▶ **Description of the task**: Drop the images, then output the listing exactly.

Start of Collected material

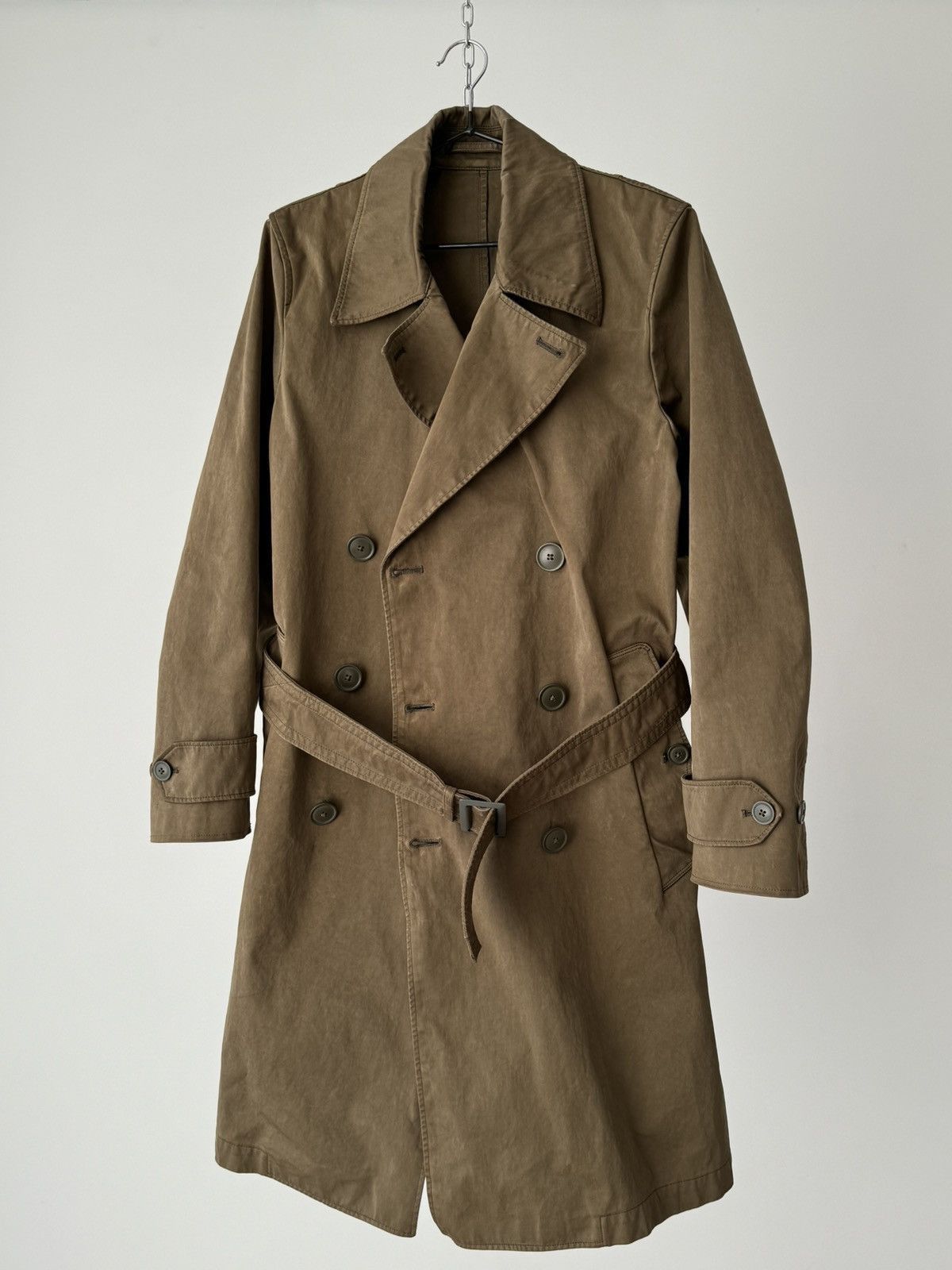 Japanese Brand × Ten C Ten C Double Breasted Belted Khaki Long Trench Coat Size US S / EU 44-46 / 1 - 1 Thumbnail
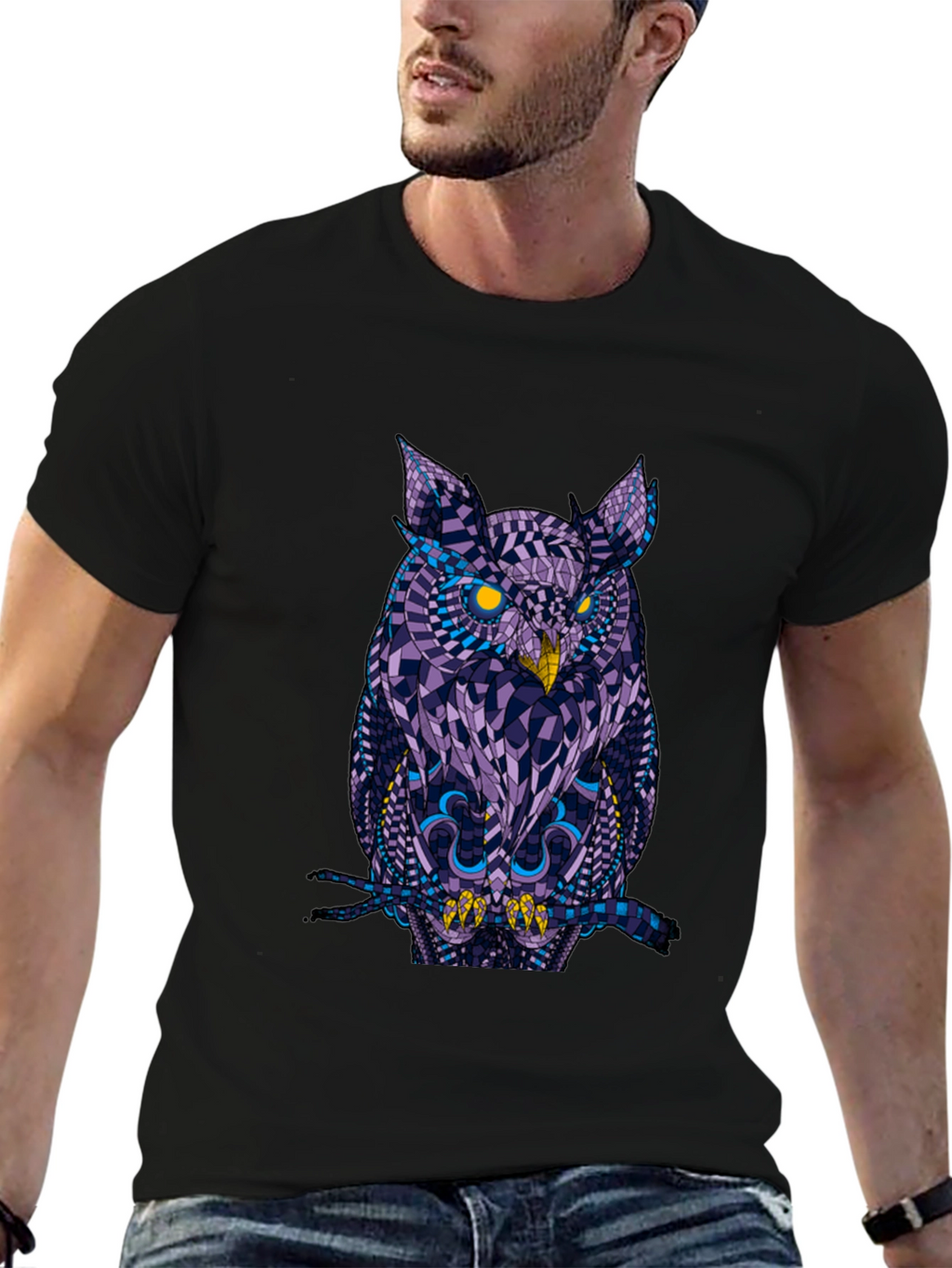 Geometric Owl Graphic Black T-Shirt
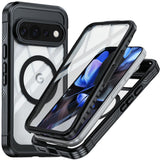 Google Pixel 11 Pro XL Shockproof Case with Built-in Screen Protector - Transparent / Black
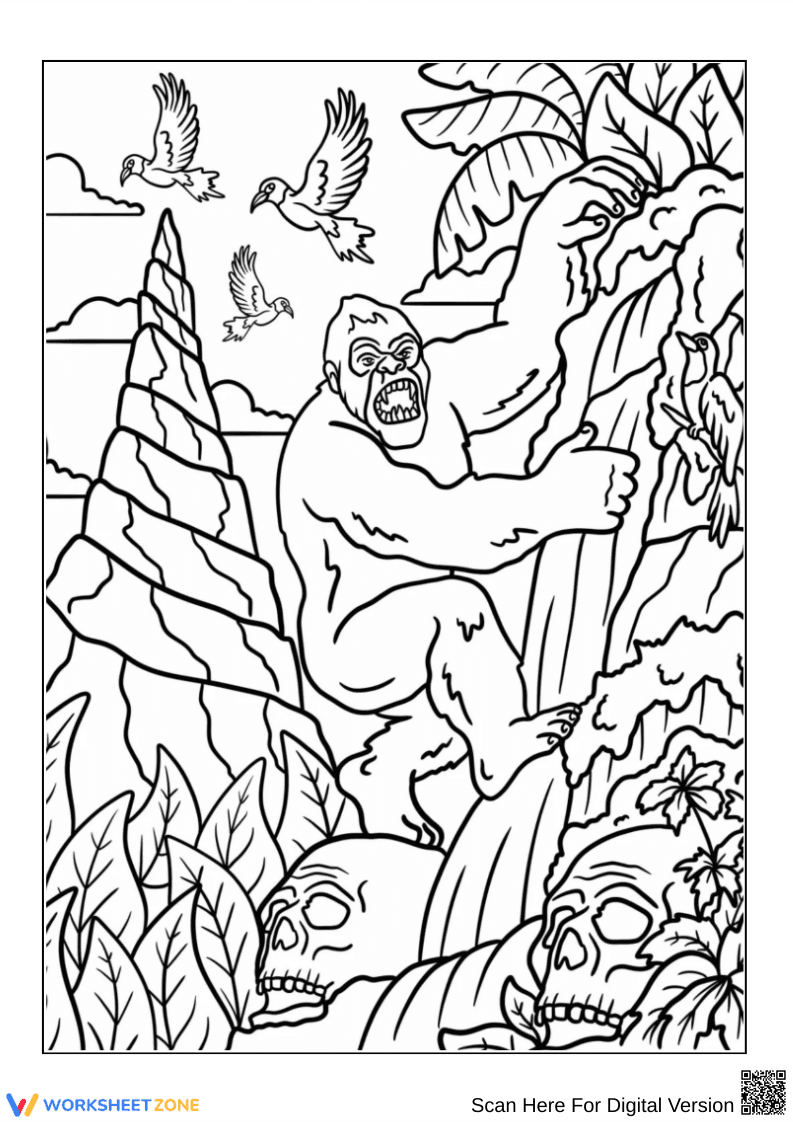 Jungle King Kong Coloring Page - Page 1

End of Collected material

▶ **Result for this task**:
 Japanese Brand × Ten C Ten C Double Breasted Belted Khaki Long Trench Coat Size US S / EU 44-46 / 1 - 1 Thumbnail
 Geometric Owl Graphic Black T-Shirt
 Google Pixel 11 Pro XL Shockproof Case with Built-in Screen Protector - Transparent / Black
 Jungle King Kong Coloring Page - Page 1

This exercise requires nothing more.